### [What the task asks]
Reproduce the entries in full. Exclude all images from the copy.

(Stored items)
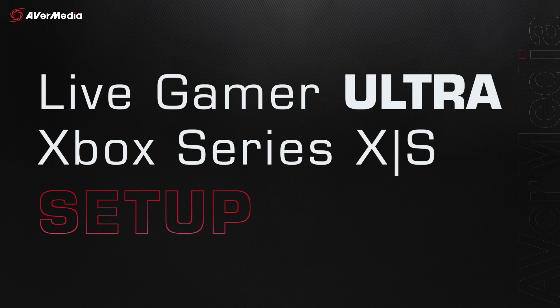Hey guys, Renner here with another tutorial video. Today I'll be showing you how to set up your Live Gamer Ultra with your Xbox Series X or S.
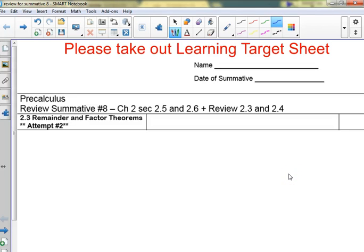Alright guys, quiz tomorrow — this is being called Quiz 8. Quiz 7, remember, was just a little one. Unit one, section one — the one we did with no calculator and the graphing — okay, so two-three is back on this.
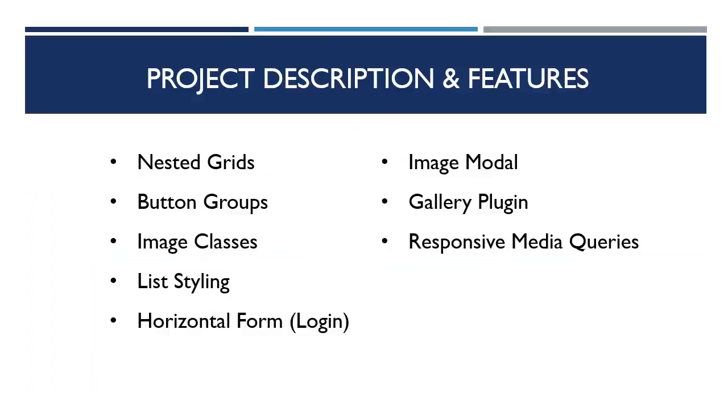Some of the functionality that we're gonna be creating is nested grids, button groups, bootstrap image classes for thumbnails and responsive images, list styling. We're gonna create a horizontal form, which will be the login form.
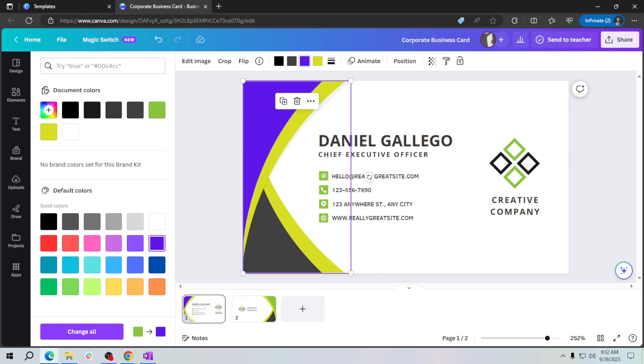Thank you for learning with me today. Once again, thank you for watching how to edit a business card in Canva. See you on my next video.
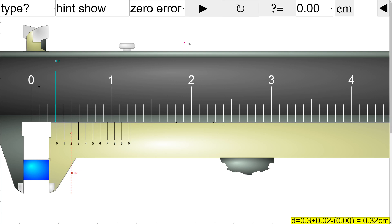Let us understand what we mean by zero error and especially negative zero error. Here is a simple example of a vernier caliper where the caliper does not have any error. Right now there is no zero error and we are trying to do a measurement. We look at the zero of the vernier scale and read from the main scale a reading which appears just before the zero of the vernier scale.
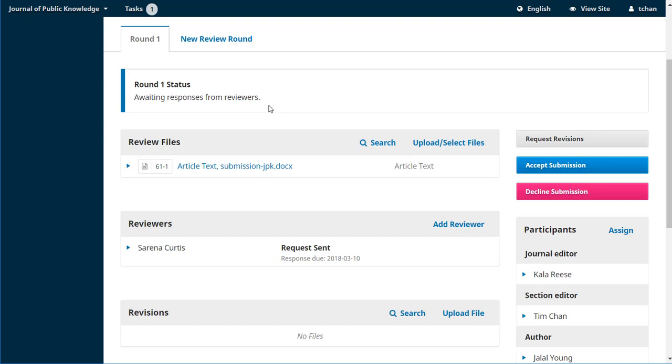So in the next video we'll take a look and see what it looks like from Serena's perspective to be a reviewer in OJS3. Thanks for watching and we'll see you in the next one.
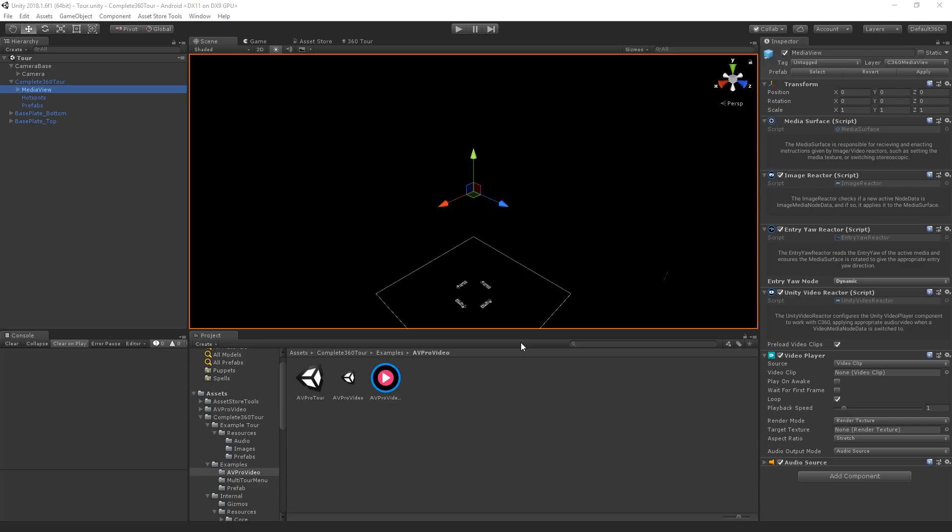By default, videos in your tour will be played by the Unity video reactor. The thing that makes this a Unity video reactor is that it uses the Unity video player system. The video player system for Unity is pretty good, but if you feel like you could do better or you've got a third-party asset you'd like to use, that's absolutely fine.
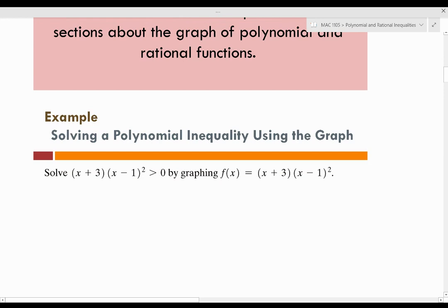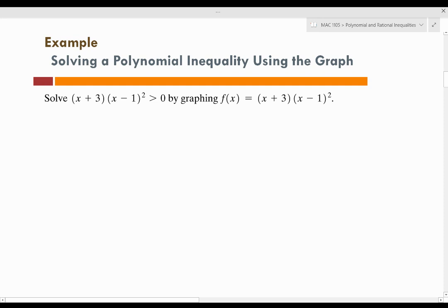Our first example says solve x plus 3 times x minus 1 squared is greater than 0 by graphing f of x equals x plus 3 times x minus 1 squared. You have to determine what function you've been given, because eventually they're all going to be mixed up together. A rational function is anything that looks like a fraction. Polynomial functions don't look like fractions — they have no denominator and have positive powers. This initial problem is a polynomial.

### [Task solution]
Hey guys, Renner here with another tutorial video. Today I'll be showing you how to set up your Live Gamer Ultra with your Xbox Series X or S.
Alright guys, quiz tomorrow — this is being called Quiz 8. Quiz 7, remember, was just a little one. Unit one, section one — the one we did with no calculator and the graphing — okay, so two-three is back on this.
Some of the functionality that we're gonna be creating is nested grids, button groups, bootstrap image classes for thumbnails and responsive images, list styling. We're gonna create a horizontal form, which will be the login form.
Thank you for learning with me today. Once again, thank you for watching how to edit a business card in Canva. See you on my next video.
Let us understand what we mean by zero error and especially negative zero error. Here is a simple example of a vernier caliper where the caliper does not have any error. Right now there is no zero error and we are trying to do a measurement. We look at the zero of the vernier scale and read from the main scale a reading which appears just before the zero of the vernier scale.
So in the next video we'll take a look and see what it looks like from Serena's perspective to be a reviewer in OJS3. Thanks for watching and we'll see you in the next one.
By default, videos in your tour will be played by the Unity video reactor. The thing that makes this a Unity video reactor is that it uses the Unity video player system. The video player system for Unity is pretty good, but if you feel like you could do better or you've got a third-party asset you'd like to use, that's absolutely fine.
Our first example says solve x plus 3 times x minus 1 squared is greater than 0 by graphing f of x equals x plus 3 times x minus 1 squared. You have to determine what function you've been given, because eventually they're all going to be mixed up together. A rational function is anything that looks like a fraction. Polynomial functions don't look like fractions — they have no denominator and have positive powers. This initial problem is a polynomial.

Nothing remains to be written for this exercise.